### WHAT YOU WILL DO
Within the entries below, please retype exactly the lines starting with the line that has "Una computadora portátil" and going on through the line that has "Garduri si porti", but not the pictures.
PROVIDED MATERIAL START
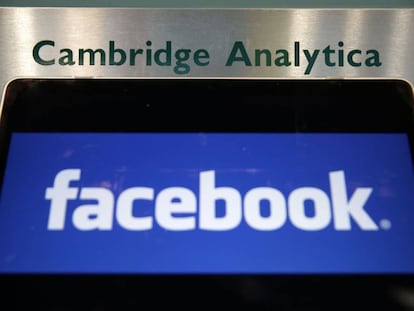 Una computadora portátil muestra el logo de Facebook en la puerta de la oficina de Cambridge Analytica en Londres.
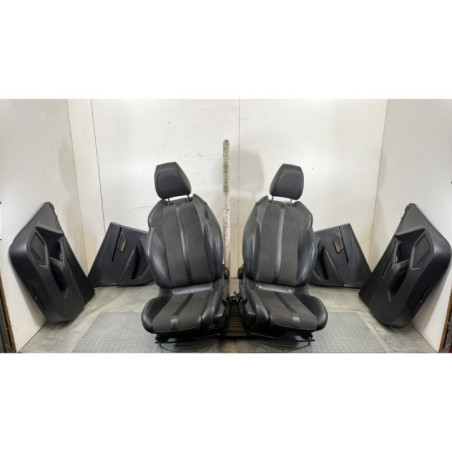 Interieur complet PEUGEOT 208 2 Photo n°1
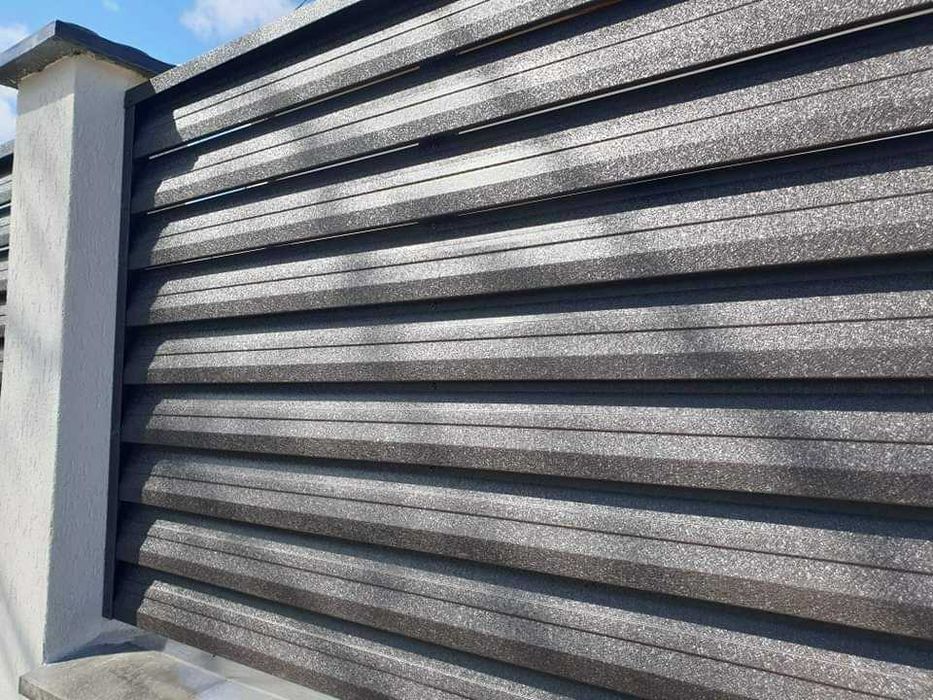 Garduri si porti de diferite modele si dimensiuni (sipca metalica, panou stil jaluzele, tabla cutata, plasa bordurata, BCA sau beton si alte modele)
PROVIDED MATERIAL END
PROVIDED MATERIAL START
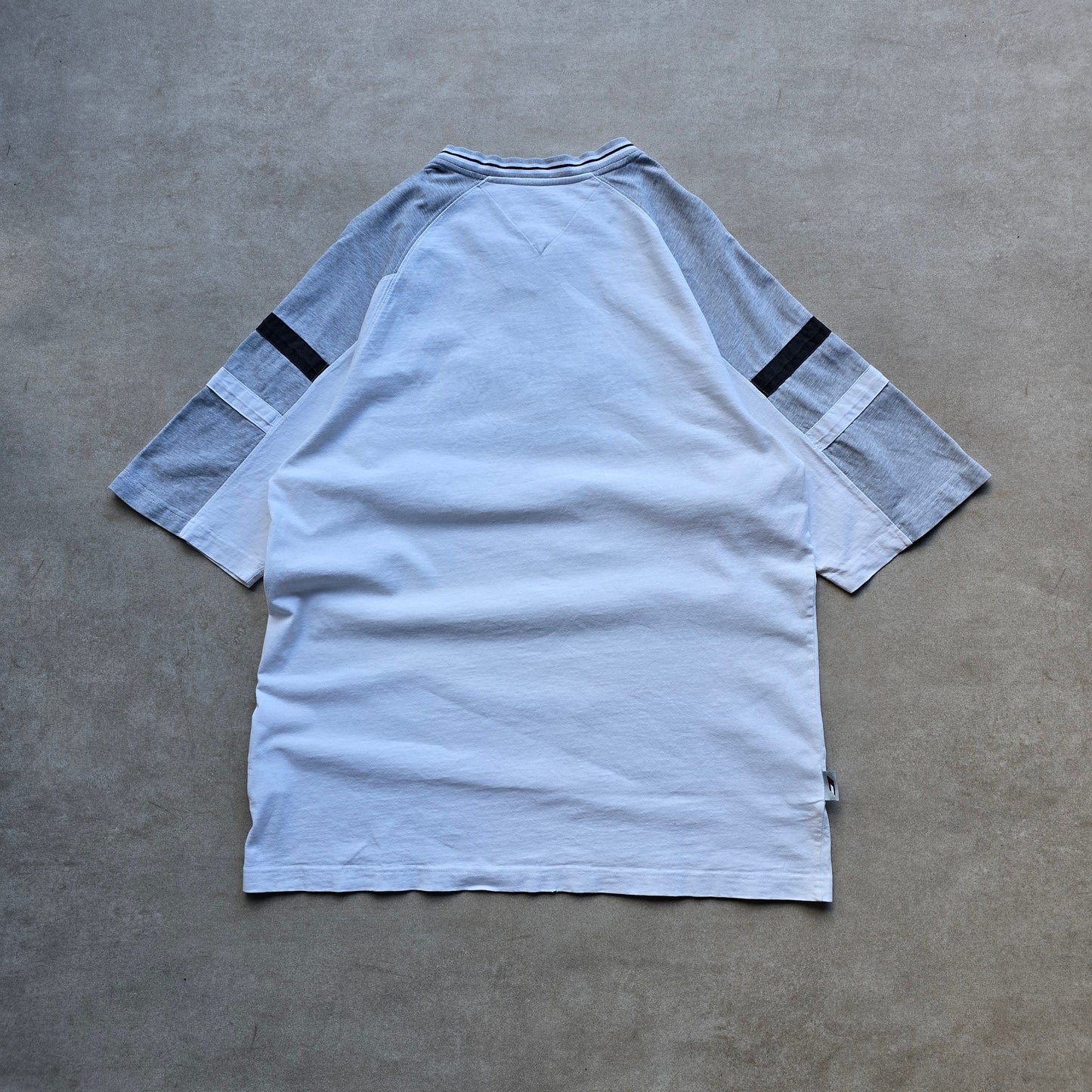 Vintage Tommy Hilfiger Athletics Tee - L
PROVIDED MATERIAL END
### RESULT OF THIS TASK
 Una computadora portátil muestra el logo de Facebook en la puerta de la oficina de Cambridge Analytica en Londres.
 Interieur complet PEUGEOT 208 2 Photo n°1
 Garduri si porti de diferite modele si dimensiuni (sipca metalica, panou stil jaluzele, tabla cutata, plasa bordurata, BCA sau beton si alte modele)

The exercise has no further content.